I am trying to see performance of CPU vs. GPU for a sparse matrix vector multiplication code. But, the answers for both computation differ. when i tried to run the GPU code in device emulation mode, the answers matches with the CPU.
I anyone knows how to overcome this problem please let me know.

(P.S. I have heard that by default FPU in CPU is set to 80 bit, hence al the operations are performed internally at 80 bits and then the answer is converted back to 64 bit on the other hand GPU operations are performed at 64 bit. Is this right? if so then how can I overcome this problem? Is it possible to perform operations on CPU at 64 bit instead of 80 bit (if what I just mentioned above is true)?

btw. I am using AMD 64 bit machine with fedora 10 and tesla c1060 GPU.

Yup… many of the x87 or IA32 kind of processors internally have 80-bit FP registers. So, my first guess is that you should have to leave with the different answers you’ve been observing :(
(not 100% sure though)

If you compile in 64-bit mode (I mean x86_64/AMD64/EM64T/Intel64…), then you are not affected by the 80-bit-related issues (your compiler uses “clean” SSE2 floating-point instructions instead of x87).

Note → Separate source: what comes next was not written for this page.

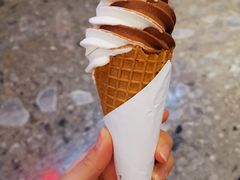 72%黑巧克力风味软冰淇淋-布歌东京(万象天地店)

Since you mention 64-bit operations, I assume you only use double-precision arithmetic on the GPU?

If so, the only differences are:

  • Dependant muls and adds can be turned into Fused Multiply-Add operations on the GPU (not to be confused with single-precision MADs!), which can make the GPU code more accurate.

  • The implementation of transcendental functions (exp, sin, pow…) is different and usually slightly less accurate on the GPU.

By the way, there is also a related nvcc bug in the wild: read [topic=“103726”]Topic 103726[/topic] and [topic=“105700”]Topic 105700[/topic].

So try compiling with the -G or -Xopencc -O0 to see if there is this makes a difference.

hey thanks guys.

yes I am using double precision.

I’ll try to your advice of using -G or -Xopencc -O0. I’ll keep posting my result.